----- Entries shown

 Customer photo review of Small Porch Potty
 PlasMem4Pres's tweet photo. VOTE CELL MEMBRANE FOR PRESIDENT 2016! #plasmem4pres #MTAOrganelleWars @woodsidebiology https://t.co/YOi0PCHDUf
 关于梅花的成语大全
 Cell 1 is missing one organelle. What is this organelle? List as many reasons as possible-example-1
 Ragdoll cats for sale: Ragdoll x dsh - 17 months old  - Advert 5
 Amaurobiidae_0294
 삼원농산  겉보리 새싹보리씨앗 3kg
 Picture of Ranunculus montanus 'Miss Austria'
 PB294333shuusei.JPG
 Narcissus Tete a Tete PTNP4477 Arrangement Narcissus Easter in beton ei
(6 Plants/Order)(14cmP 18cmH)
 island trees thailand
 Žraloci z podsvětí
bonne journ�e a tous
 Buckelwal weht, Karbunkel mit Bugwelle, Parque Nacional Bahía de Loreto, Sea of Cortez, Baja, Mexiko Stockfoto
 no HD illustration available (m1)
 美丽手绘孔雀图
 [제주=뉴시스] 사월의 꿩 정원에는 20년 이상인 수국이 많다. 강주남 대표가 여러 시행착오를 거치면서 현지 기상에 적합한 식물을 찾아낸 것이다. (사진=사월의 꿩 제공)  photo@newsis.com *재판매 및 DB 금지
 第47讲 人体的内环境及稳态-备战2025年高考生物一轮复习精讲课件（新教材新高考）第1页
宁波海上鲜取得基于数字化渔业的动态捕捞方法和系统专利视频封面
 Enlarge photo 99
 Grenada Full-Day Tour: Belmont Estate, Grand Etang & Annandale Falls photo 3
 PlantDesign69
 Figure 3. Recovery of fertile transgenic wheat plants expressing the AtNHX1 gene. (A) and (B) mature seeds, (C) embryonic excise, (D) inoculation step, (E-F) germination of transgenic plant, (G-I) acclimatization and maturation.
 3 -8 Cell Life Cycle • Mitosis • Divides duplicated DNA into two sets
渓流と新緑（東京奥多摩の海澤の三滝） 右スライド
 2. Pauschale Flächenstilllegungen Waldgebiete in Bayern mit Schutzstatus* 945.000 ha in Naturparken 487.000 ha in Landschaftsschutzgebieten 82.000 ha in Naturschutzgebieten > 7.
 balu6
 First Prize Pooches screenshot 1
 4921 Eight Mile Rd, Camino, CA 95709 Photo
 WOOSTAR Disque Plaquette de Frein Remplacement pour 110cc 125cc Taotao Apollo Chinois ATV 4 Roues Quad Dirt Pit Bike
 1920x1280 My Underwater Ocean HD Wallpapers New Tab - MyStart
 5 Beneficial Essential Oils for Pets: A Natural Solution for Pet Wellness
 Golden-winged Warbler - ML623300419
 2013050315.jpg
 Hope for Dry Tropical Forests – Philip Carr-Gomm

----------

- **Work instructions**
Both the first line of the records above and the line containing "PB294333shuusei.JPG" are to be transcribed exactly, together with every line between them, and nothing else.

- **Task response**
 Customer photo review of Small Porch Potty
 PlasMem4Pres's tweet photo. VOTE CELL MEMBRANE FOR PRESIDENT 2016! #plasmem4pres #MTAOrganelleWars @woodsidebiology https://t.co/YOi0PCHDUf
 关于梅花的成语大全
 Cell 1 is missing one organelle. What is this organelle? List as many reasons as possible-example-1
 Ragdoll cats for sale: Ragdoll x dsh - 17 months old  - Advert 5
 Amaurobiidae_0294
 삼원농산  겉보리 새싹보리씨앗 3kg
 Picture of Ranunculus montanus 'Miss Austria'
 PB294333shuusei.JPG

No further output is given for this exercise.